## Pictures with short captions
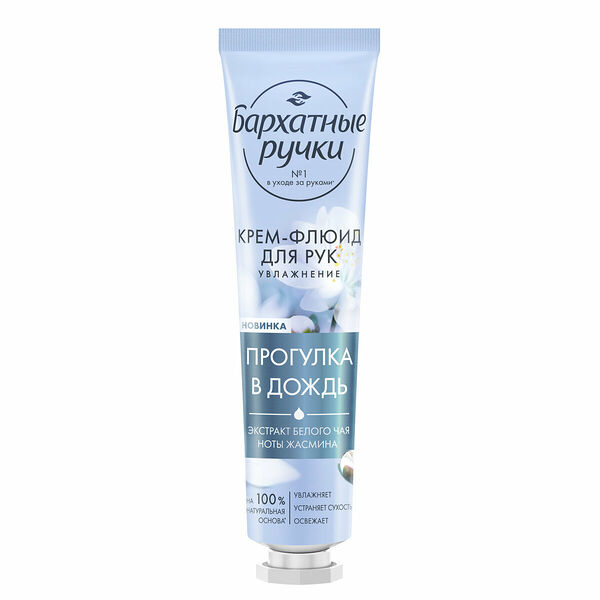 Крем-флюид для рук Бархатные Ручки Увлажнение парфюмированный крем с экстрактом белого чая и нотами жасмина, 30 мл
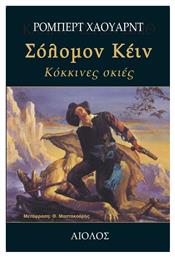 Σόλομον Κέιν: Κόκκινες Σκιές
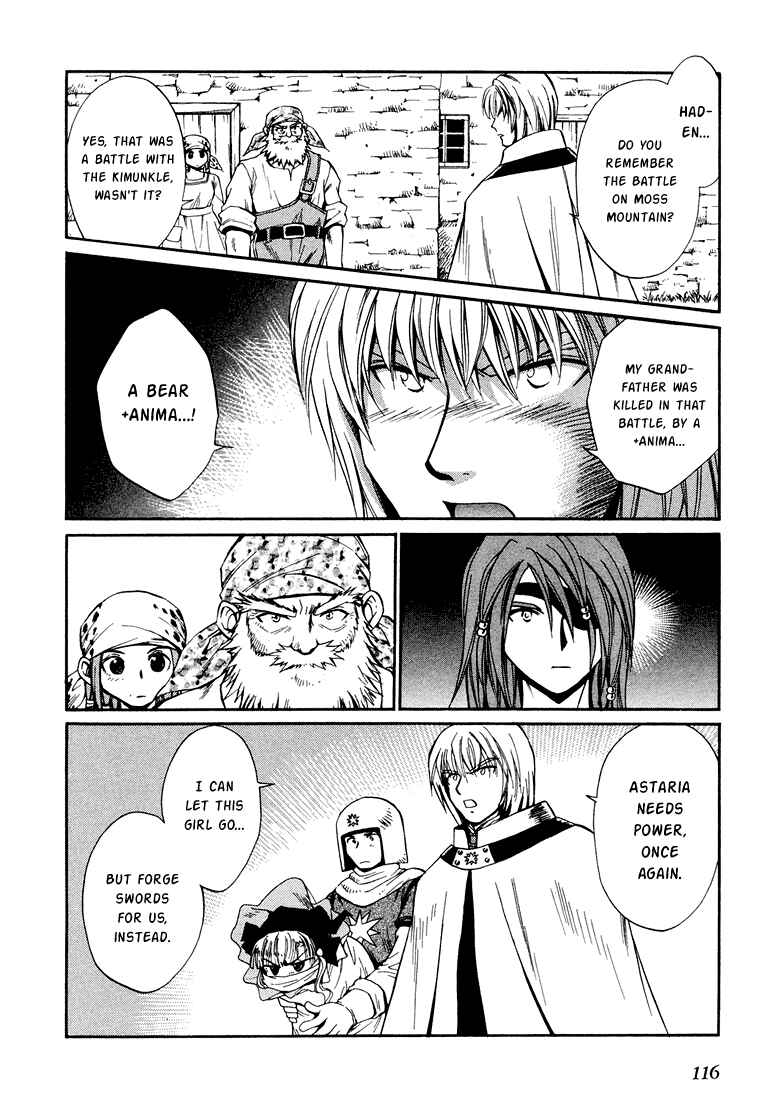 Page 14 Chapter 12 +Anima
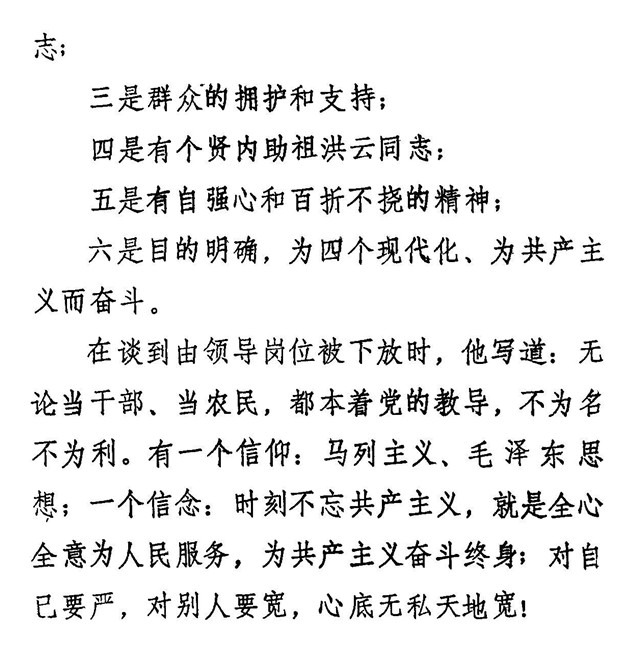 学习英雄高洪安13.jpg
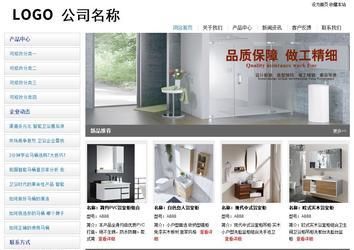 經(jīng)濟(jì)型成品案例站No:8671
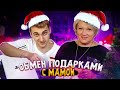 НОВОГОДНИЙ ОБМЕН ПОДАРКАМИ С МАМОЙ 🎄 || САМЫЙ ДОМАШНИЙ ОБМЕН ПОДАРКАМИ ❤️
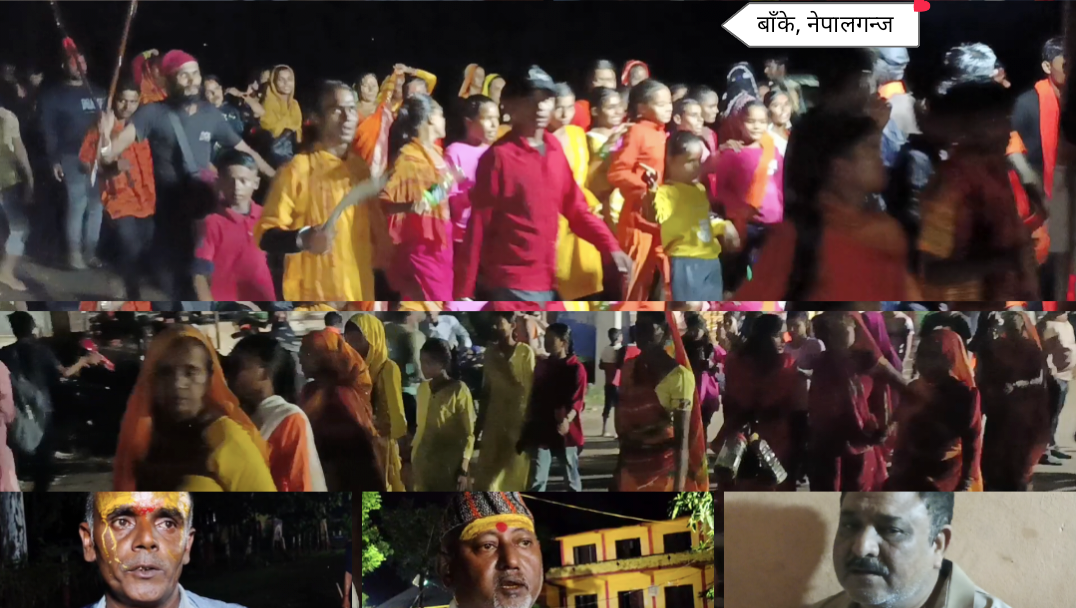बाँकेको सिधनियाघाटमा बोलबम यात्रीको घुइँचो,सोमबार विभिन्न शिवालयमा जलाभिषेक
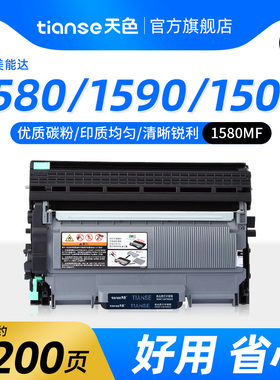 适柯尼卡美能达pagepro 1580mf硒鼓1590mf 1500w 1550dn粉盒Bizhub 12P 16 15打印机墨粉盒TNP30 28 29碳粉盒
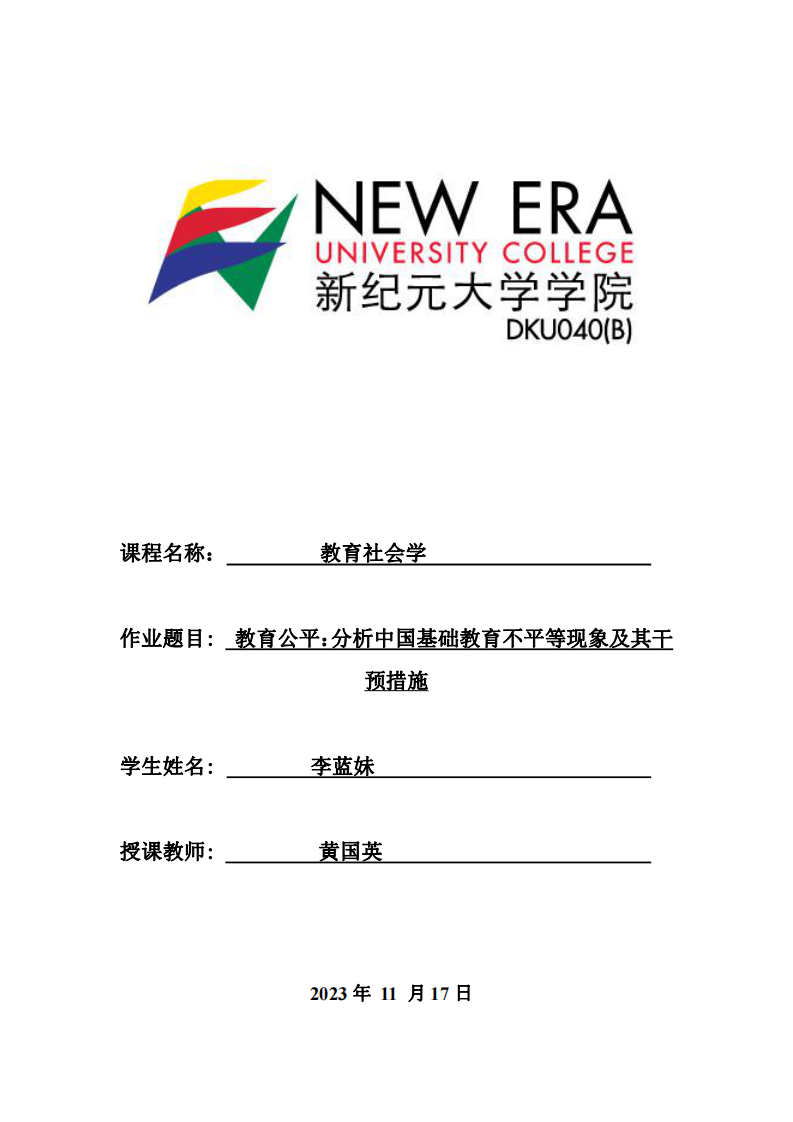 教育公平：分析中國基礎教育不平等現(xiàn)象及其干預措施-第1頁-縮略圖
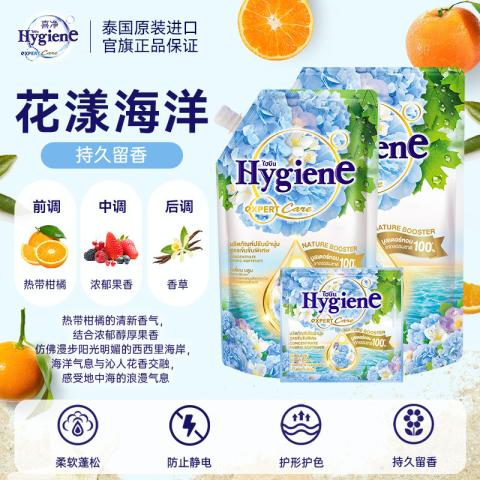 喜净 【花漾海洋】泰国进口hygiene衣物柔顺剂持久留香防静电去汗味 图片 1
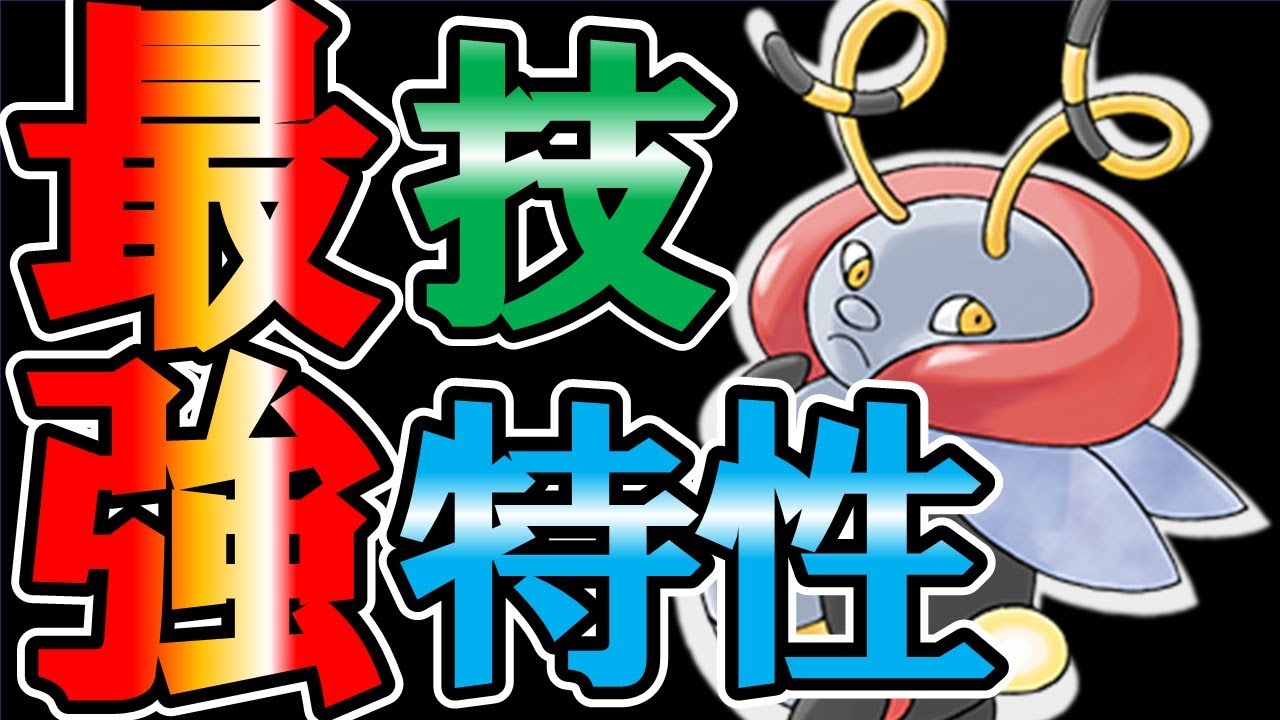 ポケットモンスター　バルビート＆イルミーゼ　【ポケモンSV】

## What is needed
Print only the lines from the line that contains "НОВОГОДНИЙ ОБМЕН ПОДАРКАМИ" to the final line of the data, inclusive. Pictures stay out.

## Reply
 НОВОГОДНИЙ ОБМЕН ПОДАРКАМИ С МАМОЙ 🎄 || САМЫЙ ДОМАШНИЙ ОБМЕН ПОДАРКАМИ ❤️
बाँकेको सिधनियाघाटमा बोलबम यात्रीको घुइँचो,सोमबार विभिन्न शिवालयमा जलाभिषेक
 适柯尼卡美能达pagepro 1580mf硒鼓1590mf 1500w 1550dn粉盒Bizhub 12P 16 15打印机墨粉盒TNP30 28 29碳粉盒
 教育公平：分析中國基礎教育不平等現(xiàn)象及其干預措施-第1頁-縮略圖
 喜净 【花漾海洋】泰国进口hygiene衣物柔顺剂持久留香防静电去汗味 图片 1
 ポケットモンスター　バルビート＆イルミーゼ　【ポケモンSV】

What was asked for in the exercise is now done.